Dr. Schulman received is Bachelors degree in Accounting and Economics from The City College of New York (BBA, 1962), his Masters in Business Administration from New York University (MBA, 1970), and his Doctorate in Higher Education Administration from The George Washington University (Ed.D, 1988). He, his wife and cat reside in Manhattan.

Robert A. Weiner

Robert A. Weiner is a partner in the Trial Department, resident in McDermott, Will & Emery’s New York office. Mr. Weiner heads the trial practice group in the New York office of McDermott, Will & Emery. He is also the co-chair of McDermott, Will & Emery’s International Arbitration Practice Group.

Mr. Weiner’s trial and appellate practice includes experience before both state and federal courts located throughout the United States as well as arbitrations before the American Arbitration Association and the International Chamber of Commerce. Mr. Weiner has also served as a faculty member of the National Institute of Trial Advocacy.

Mr. Weiner focuses his practice on commercial law, including claims involving the Uniform Commercial Code, insurance law, general contract law, fraud and principal/agency law, state and federal antitrust laws and RICO.

Mr. Weiner also has extensive experience in intellectual property law, including copyright, trademark and unfair competition. Although Mr. Weiner has litigated a variety of general commercial cases involving a spectrum of legal issues, he has developed a special expertise in entertainment and art litigation. Consequently, he has been involved in a number of prominent entertainment and art cases.

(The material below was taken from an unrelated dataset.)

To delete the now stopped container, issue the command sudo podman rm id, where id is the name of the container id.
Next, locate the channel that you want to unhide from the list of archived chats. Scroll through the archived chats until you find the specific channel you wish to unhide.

During his career, Mr. Weiner has litigated a number of high profile art cases. For example, Mr. Weiner tried the Center Art Galleries case, which was at the time the largest criminal art fraud case ever brought by the U.S. government in Hawaii. Mr. Weiner also represented the art investment concern, Cristallina, S.A., in its internationally publicized suit against Christie’s, a case which lead to the Consumer Affairs Department’s investigation of Christie’s. In another high profile case, he represented the consignor in the "Sotheby’s Jewish Books" case brought by the attorney general of the State of New York against Sotheby’s and the consignor.

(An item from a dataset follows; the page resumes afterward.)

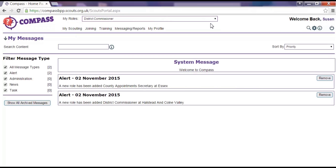The role you have set as primary will always be the default selection. You can change your primary role by going to your profile page. Guidance on how to do this can be found on the Compass support site. Before trying to do anything in Compass, it is always a really good idea to check that you have selected the right role for the task.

Because Mr. Weiner has represented internationally known collectors, insurance companies, artists and brokers as well as one major auction house, he has an intimate working knowledge of art world business practices. As a result of his art law experience, Mr. Weiner was recently appointed by the United States Bankruptcy Court for the Southern District of New York as Chapter 11 Trustee for a well-known gallery and gallery owner. Mr. Weiner has also been asked by Christie’s to testify as an expert on art law in a case pending in Canada.

Mr. Weiner has lectured on art law for a variety of organizations including Lloyd’s of London, The American College of Insurance, The American Association of Appraisers and the New York State Bar Association. Mr. Weiner taught art law as an adjunct professor of law at Hofstra University School of Law and has also lectured on auction law for the Practicing Law Institute.

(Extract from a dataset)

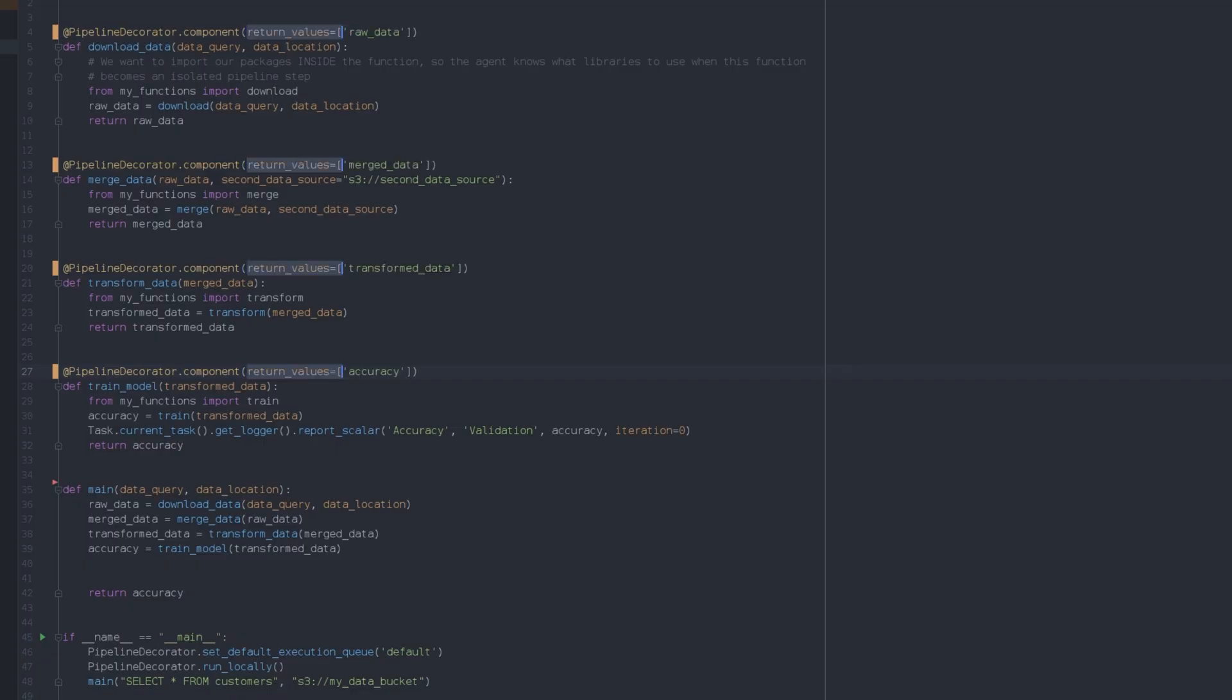We can specify what values the function will return and these will become artifacts in the new task. This will allow the following tasks in the pipeline to easily access them.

In the areas of television and motion pictures, Mr. Weiner won several victories for King World Productions, Inc., which is a successful syndicator of television shows, including "Wheel of Fortune," "Oprah Winfrey" and "Jeopardy." Among those victories was a directed verdict on King World’s behalf in a case involving antitrust, RICO laws, fraud and breach of contract. Mr. Weiner also represented the Walter Reade Company, Inc., which was one of 26 defendants in a movie distribution antitrust suit. Prior to trial all but three defendants settled. Mr. Weiner acted as lead trial counsel and ultimately sole trial counsel when the remaining two defendants settled during the trial. A jury verdict was obtained in Walter Reade’s favor after a ten-week trial.

Mr. Weiner is a member of the Bar of the State of New York, as well as the bars of the United States District Courts for the Southern, Eastern, Northern and Western Districts of New York, the United States Court of Appeals for the Second, Third, Sixth, Ninth and District of Columbia Circuits; the United States Tax Court and the United States Supreme Court. Mr. Weiner earned his bachelor’s degree from the State University of New York at Buffalo in 1969. He received his law degree from Columbia University School of Law in 1972.